Ever since the time of Mauriceau, in 1668, the art of swathing has grown simpler and simpler, until now most obstetrical authorities have completely abandoned the use of postpartum abdominal binders and corsets. Their use in no way contributes to the restoration of the figure; in fact, there is pertinent evidence that they retard its acquisition. I grant that this is difficult for all great-grandmothers and most grandmothers to accept, but I sincerely believe it.

The bowels. With early ambulation and the virtual elimination of that awful contraption the bedpan, regulation of the bowels postpartum is far less of a problem than it used to be. Nightly cathartics may be used, and if necessary occasional enemas, unless the patient’s perineal tear or episiotomy was extensive enough to involve the rectal sphincter or the rectum.

The Discharge Examination

Some obstetricians make it a routine procedure to perform a vaginal examination on all patients before they leave the hospital. Since by the early time of discharge customary today the perineum is only partially healed, the examination must be done very gently and incompletely. Many doctors defer the examination until the routine visit a month after discharge from the hospital.
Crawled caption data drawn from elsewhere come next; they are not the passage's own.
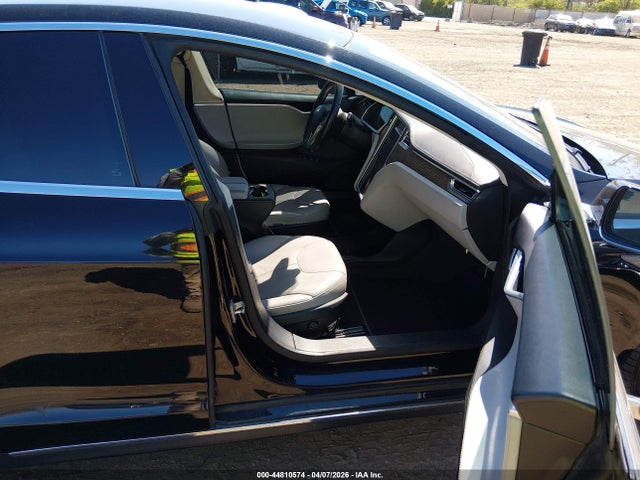 Продажа на аукционе авто 2013 Tesla Model S, vin: 5YJSA1DGXDFP08265, номер лота: 44810574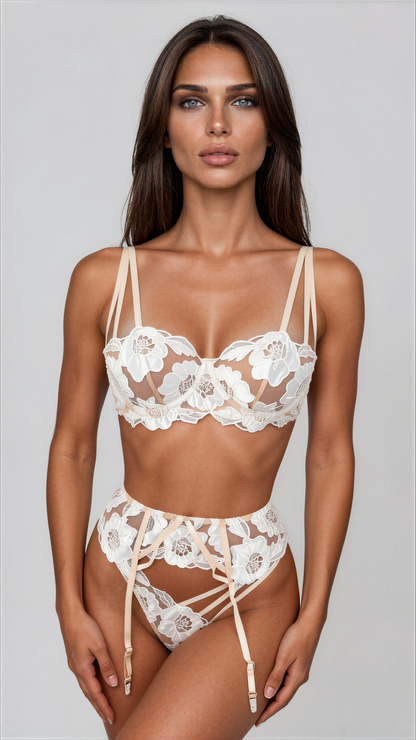 Hannah 3-Piece Lace Set with Underwire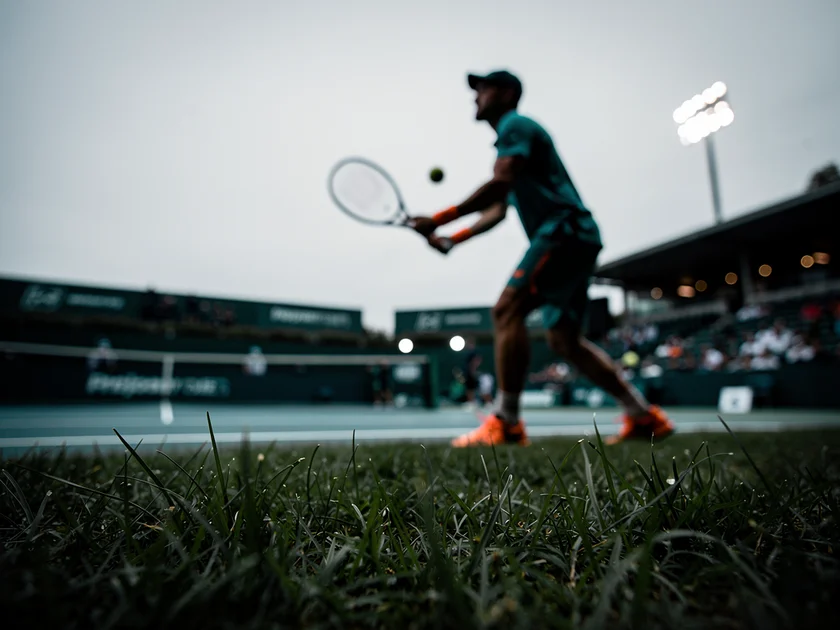 Taylor Fritz Beats Britain’s Fearnley in Tough 2026 Clash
Summary of Home Care after Leaving the Hospital

I have stated dogmatically my own rules for the management of pregnancy, and I do the same for the first few weeks after leaving the hospital. However, I again issue the sincere warning that if the rules which follow differ from your own doctor’s, utterly disregard mine and follow his scrupulously.
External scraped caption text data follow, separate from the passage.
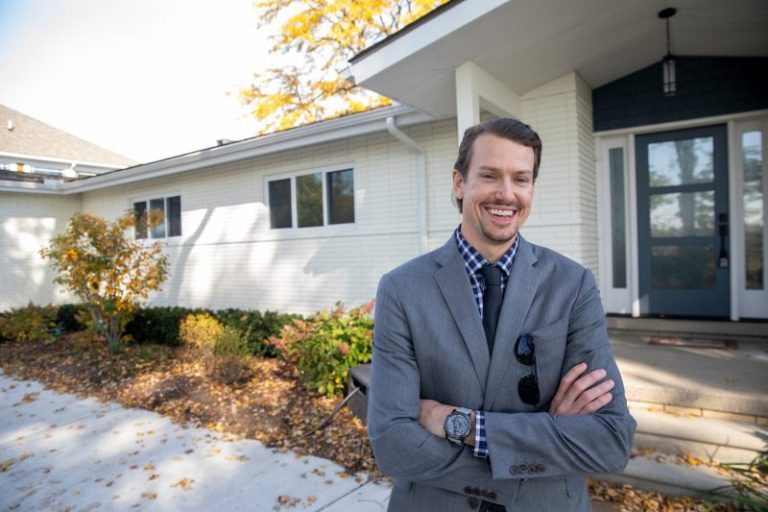 Ex-Detroit Red Wing trades skates for new career as realtor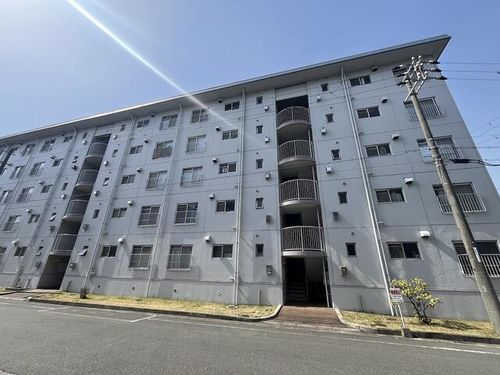 ローレルハイツ加古川 5号棟の外観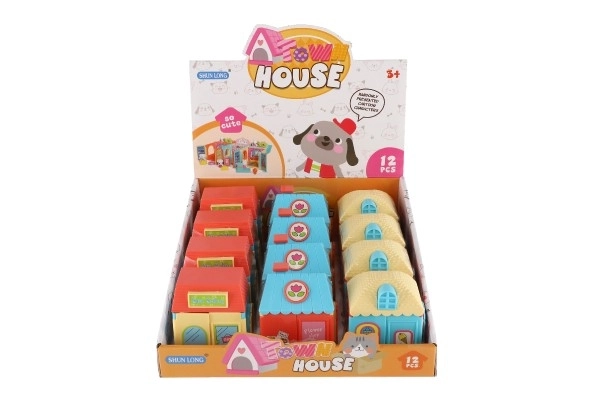 Maison en plastique avec un animal de compagnie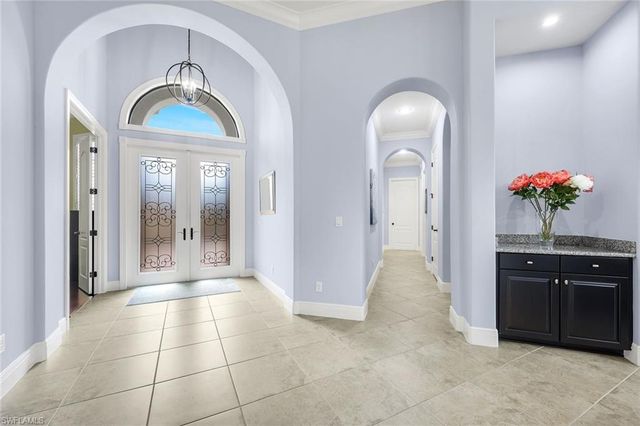 9461 Napoli LN, Naples, FL 34113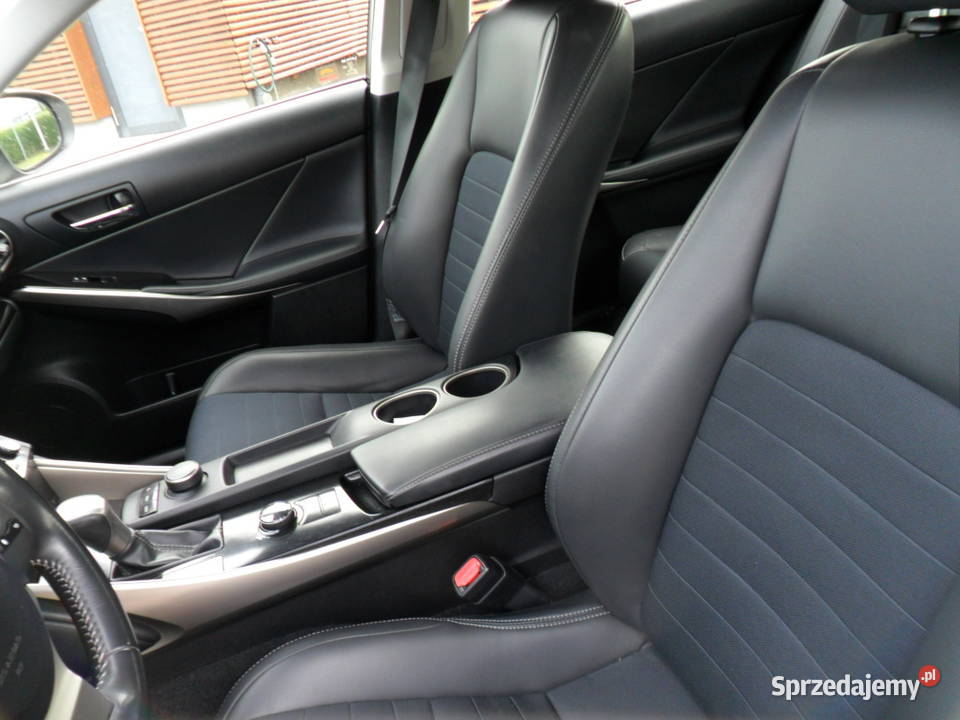 lexus IS 25 V6 benzyna 208 automat stan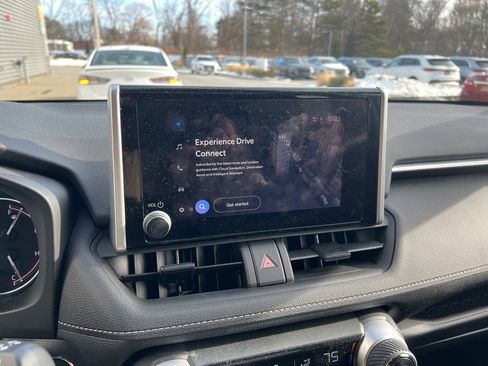 Used 2024 Toyota RAV4 XLE image 66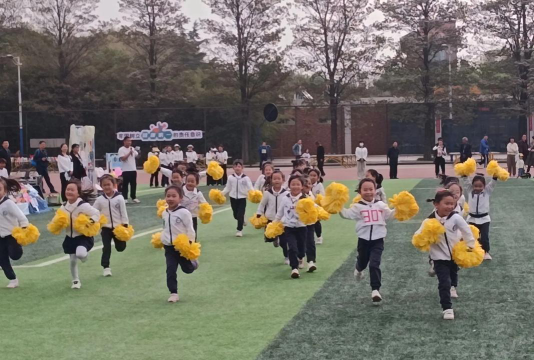 西农大幼儿园户外活动场地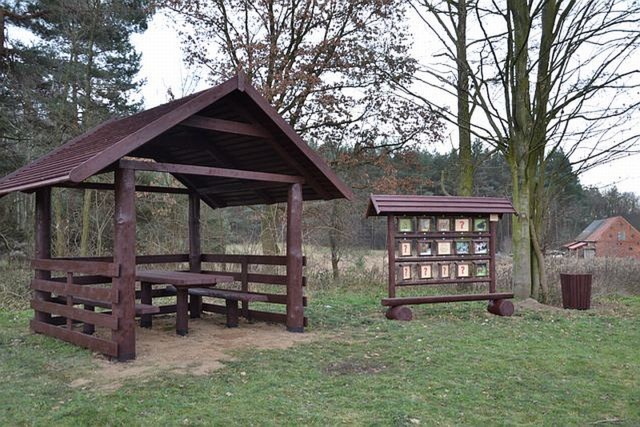 Na trasie można spotkać miejsca postojowe. Są one usytuowane m. in. w Głogówku, Kulowie i Leśnej Dolinie..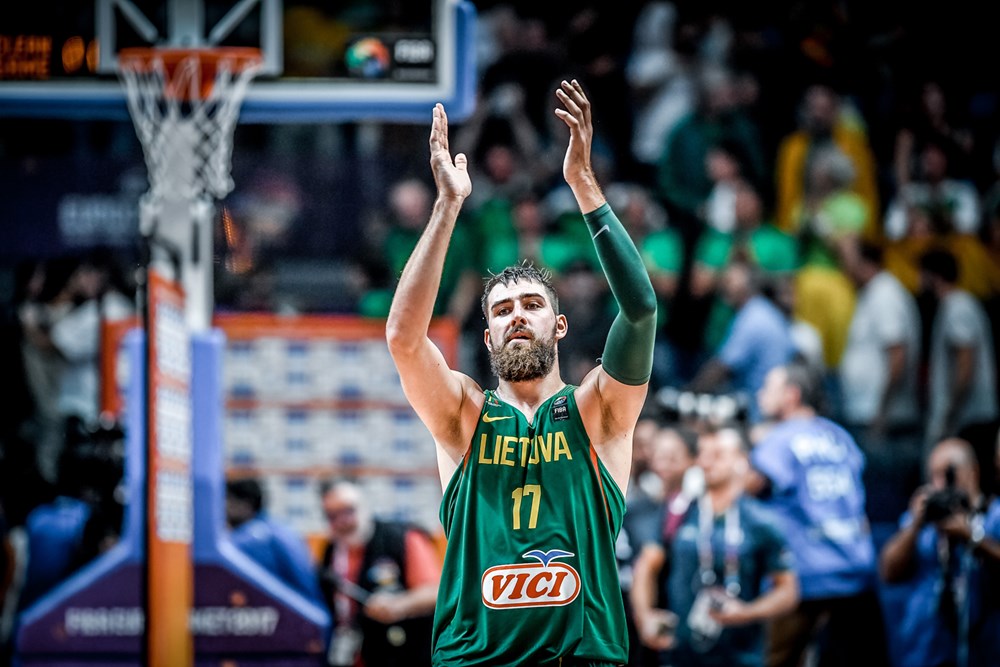 篮球新秀恢复训练状态，备战世界锦标赛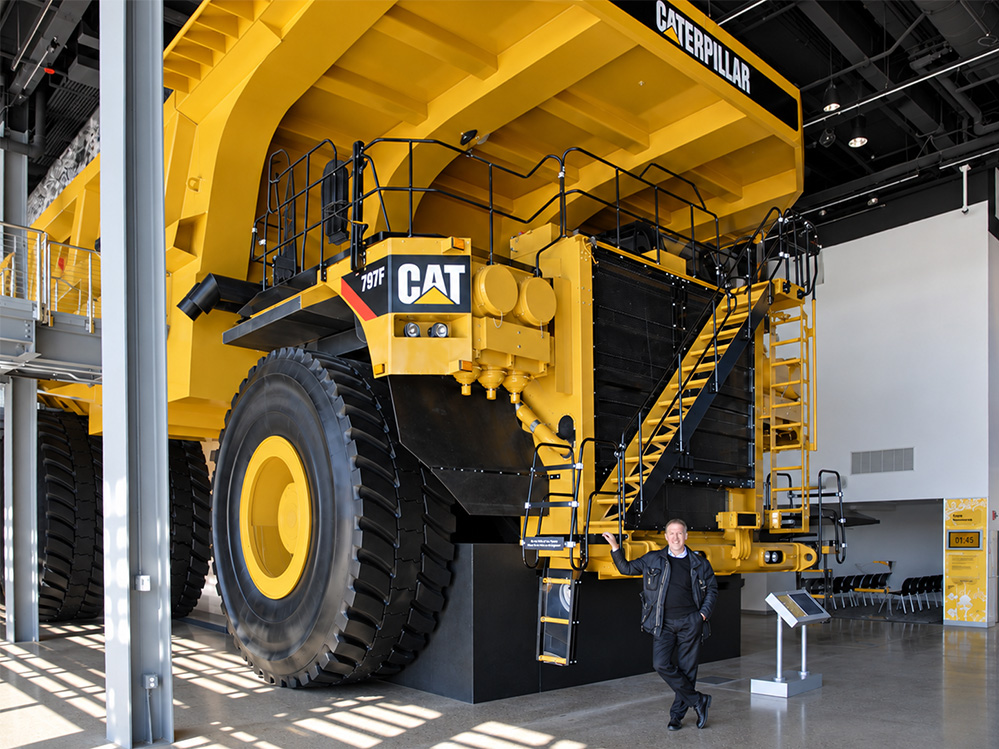 Mauro Meroni a fuanco di un 797F esposto presso la sede di Caterpillar a Menominee, MI, USA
On the day before the patient leaves the hospital I give her the following farewell speech. It is meant only for the normal case who has had an uncomplicated vaginal delivery and in whom convalescence has been uninterrupted. The patient delivered by Cesarean section, or in whom there was some complication, receives different instructions.

Overhearing myself, I sound like this: ‘Your case was delightfully normal. When you go home tomorrow, walk up the steps; more people are killed by being carried up than by walking up. ‘Stay on the same floor for three or four days after getting home from the hospital, if convenient. If not, you may go downstairs once a day, perhaps for dinner; if you do, you might as well stay down for the evening. Rest for most of the afternoon, if possible sleeping for two hours. ‘When you have been home three or four days, reduce the afternoon rest to two hours. On this same day you may walk downstairs and, if the weather is nice, go outdoors for a five-minute stroll. The next day you may go out a little longer; each day increase your activities. When you have been home ten days you may do nearly what you please— go downtown to movies, go out to dinner, do light house- work, et cetera. Don’t assume unrestricted heavy household duties until the baby is three or four weeks old. ‘You may ride in a car when the baby is two weeks old, and drive it yourself when the baby is four weeks old. ‘You may eat, drink, and smoke what you want. If you are breast feeding, you must drink a full quart of milk each day and go lightly on cigarettes and drinking, for both nicotine and alcohol are excreted in the milk—perhaps nature’s attempt to build up tolerance early in life. ‘You may take a full bath as soon as you get home, and bathe at least once a day. If stitches or hemorrhoids pain you, the more often you bathe the better. You may douche after the baby is three weeks old if you wish to, but it is rarely necessary. If you decide to douche, use a can or bag and lie with your hips elevated in the bathtub. Use either two teaspoons of sodium perborate, three tablespoons of white vinegar, two tablespoons of salt, or some proprietary deodorant powder in an amount indicated on the label. I would not douche more often than every other day. ‘In regard to clothing, wear any clothing which is comfortable. Do not wear a girdle constantly, since it acts like a splint to the abdominal muscles and retards them from getting their tone back. ‘Make an engagement to see me at my office when the baby is about a month old, and don’t have sexual intercourse until I check you. Come alone—leave the baby at home. ‘If any problems arise, telephone me as usual.’